---- Records for the exercise

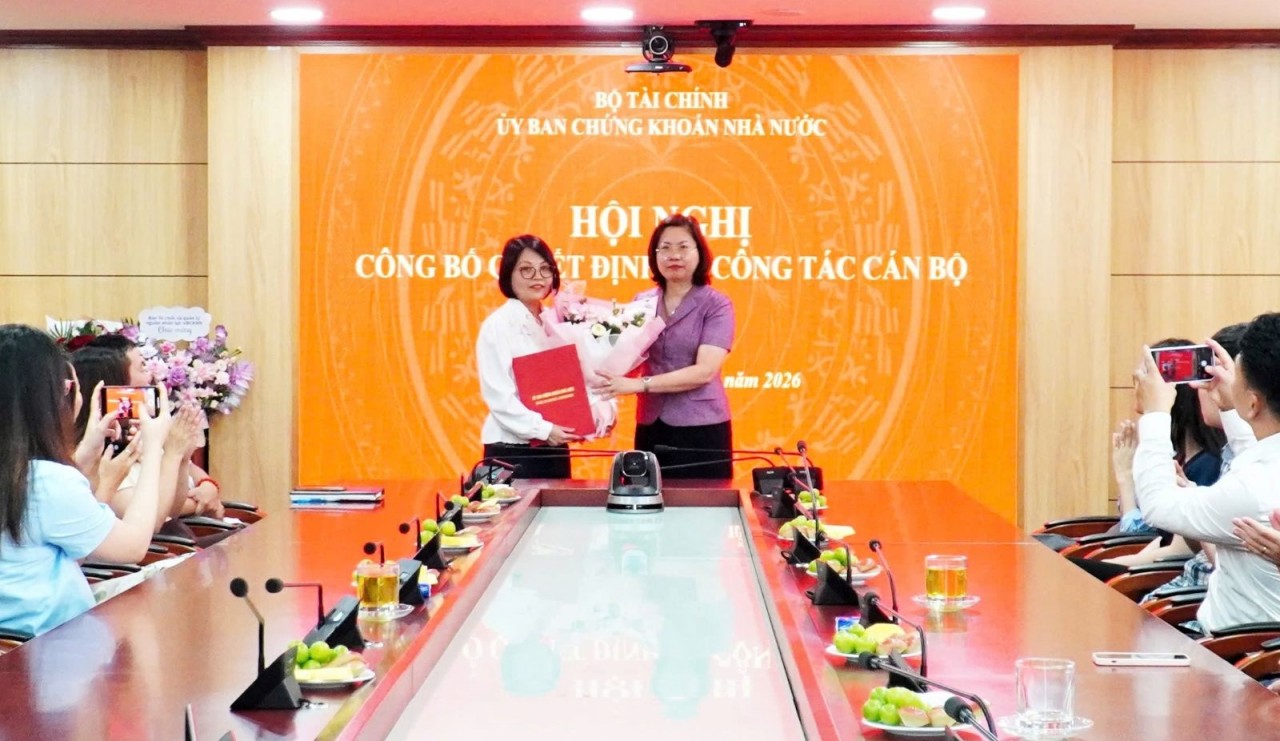 Ủy ban Chứng khoán Nhà nước công bố và trao quyết định bổ nhiệm Trưởng ban Quản lý kinh doanh chứng khoán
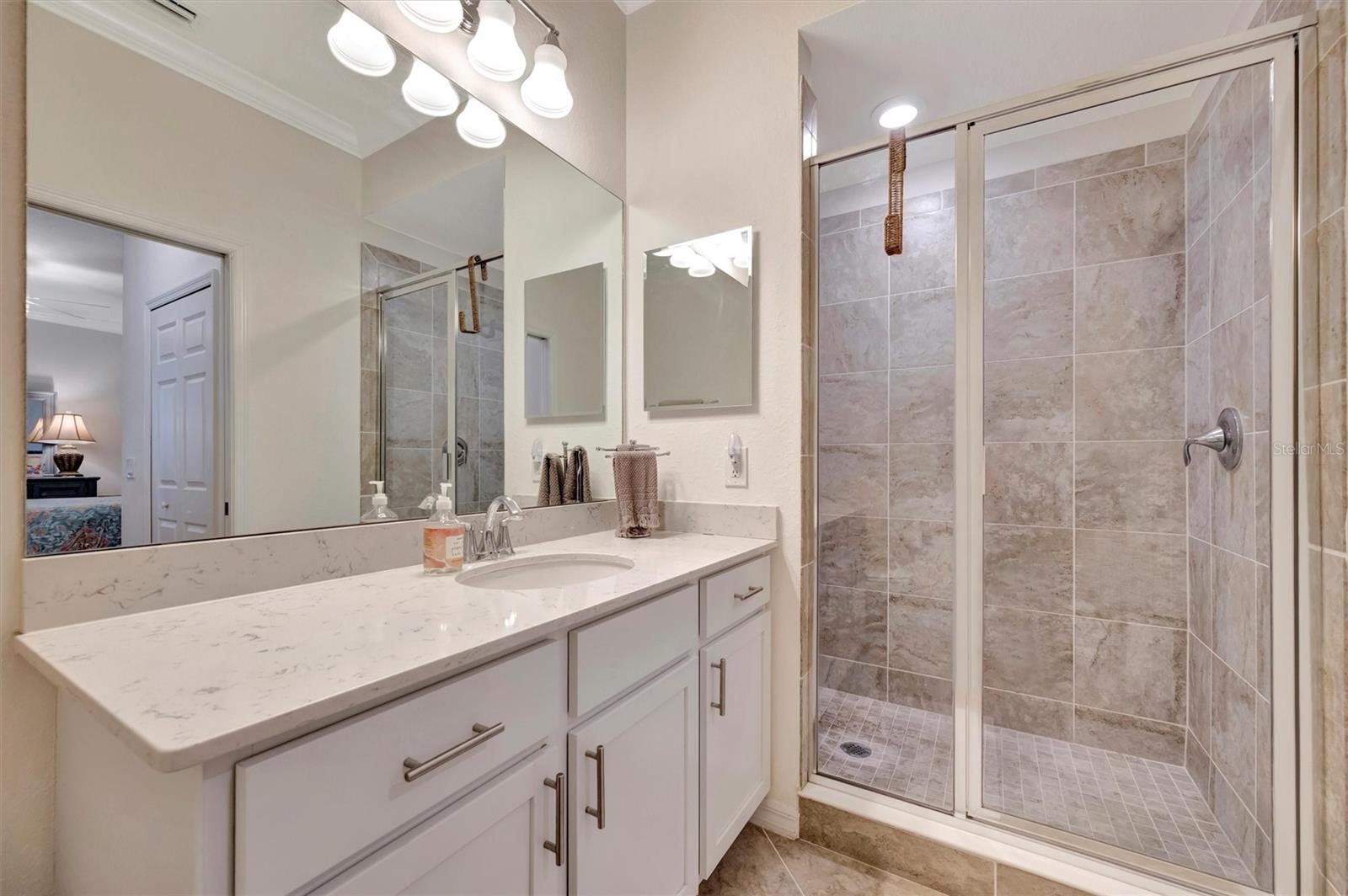 Image 25 of 67 For 1020 Tidewater Shores Loop 405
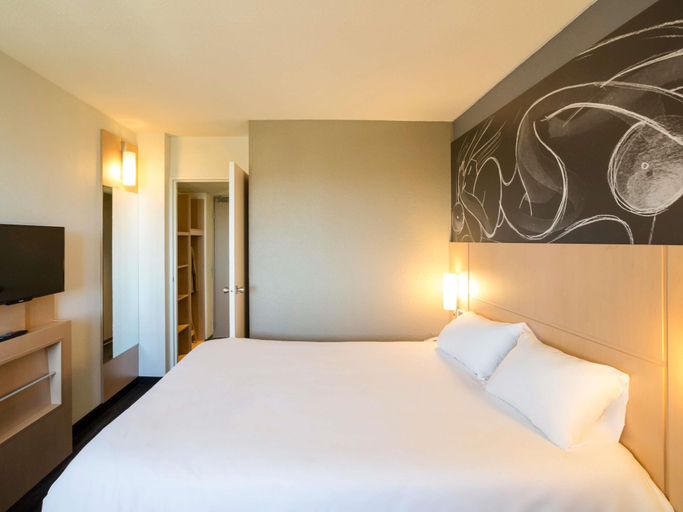Bedroom 2, Hôtel ibis Beziers Est Mediterranee, Hérault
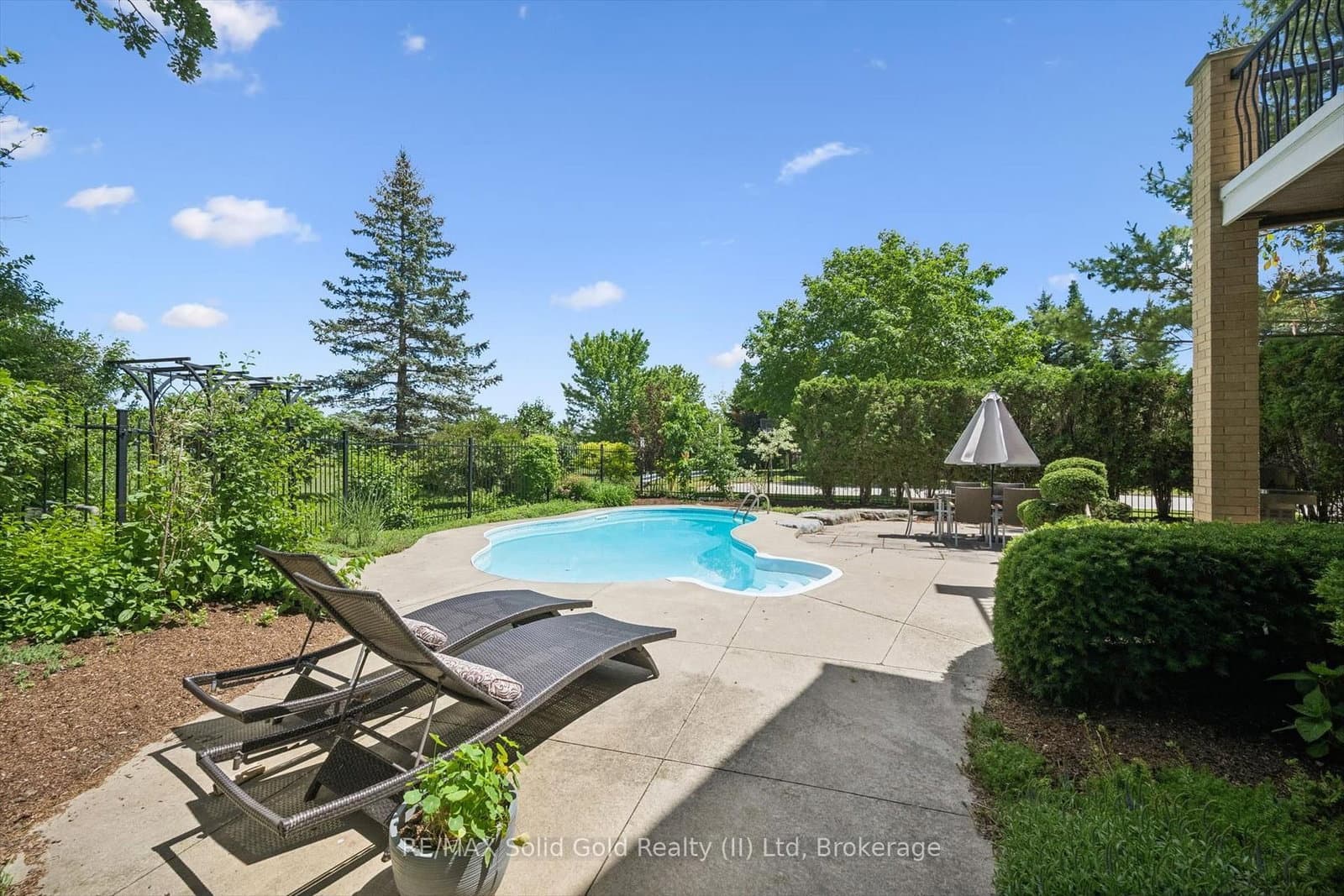 576 Falconridge Crescent thumbnail 44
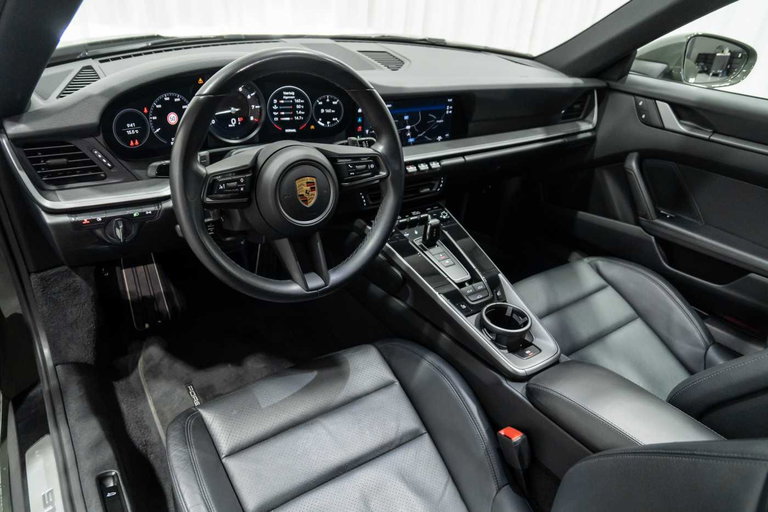 Porsche 992 Carrera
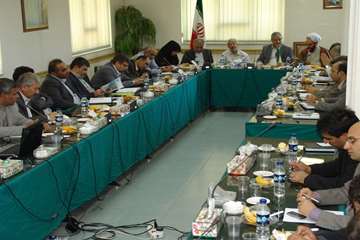 بازديد دكتر دستور از اداره كل دامپزشكي استان همدان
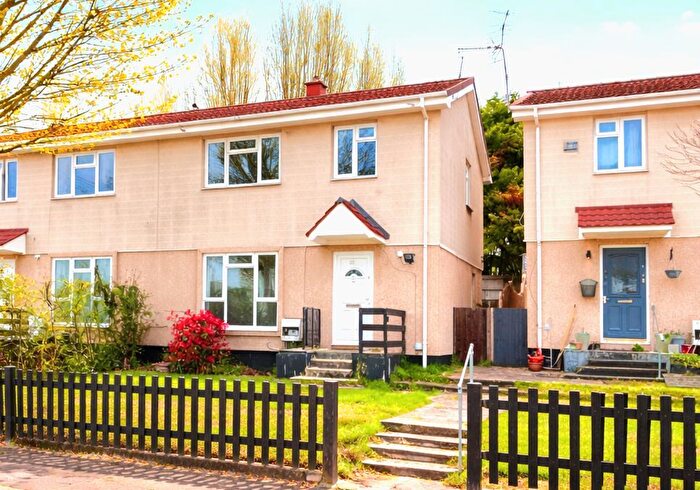 3 Bedroom Semi Detached House For Sale In Halcot Avenue, Bexleyheath, Kent, DA6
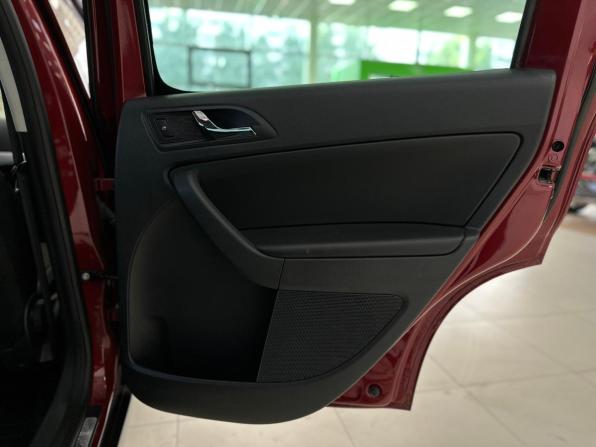 Skoda Yeti I Рестайлинг с пробегом 2017 года, цена 1 540 000 рублей, 115903 км, внедорожник, Автокод Объявления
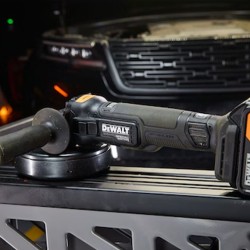 Akumulatorowa szlifierka kątowa DeWALT DCG45MP2T-QW 2x5Ah McLaren BL walizka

--------

• _Work required_
Output every entry word for word, but omit the pictures.

• _Response_
 Ủy ban Chứng khoán Nhà nước công bố và trao quyết định bổ nhiệm Trưởng ban Quản lý kinh doanh chứng khoán
 Image 25 of 67 For 1020 Tidewater Shores Loop 405
Bedroom 2, Hôtel ibis Beziers Est Mediterranee, Hérault
 576 Falconridge Crescent thumbnail 44
 Porsche 992 Carrera
 بازديد دكتر دستور از اداره كل دامپزشكي استان همدان
 3 Bedroom Semi Detached House For Sale In Halcot Avenue, Bexleyheath, Kent, DA6
 Skoda Yeti I Рестайлинг с пробегом 2017 года, цена 1 540 000 рублей, 115903 км, внедорожник, Автокод Объявления
 Akumulatorowa szlifierka kątowa DeWALT DCG45MP2T-QW 2x5Ah McLaren BL walizka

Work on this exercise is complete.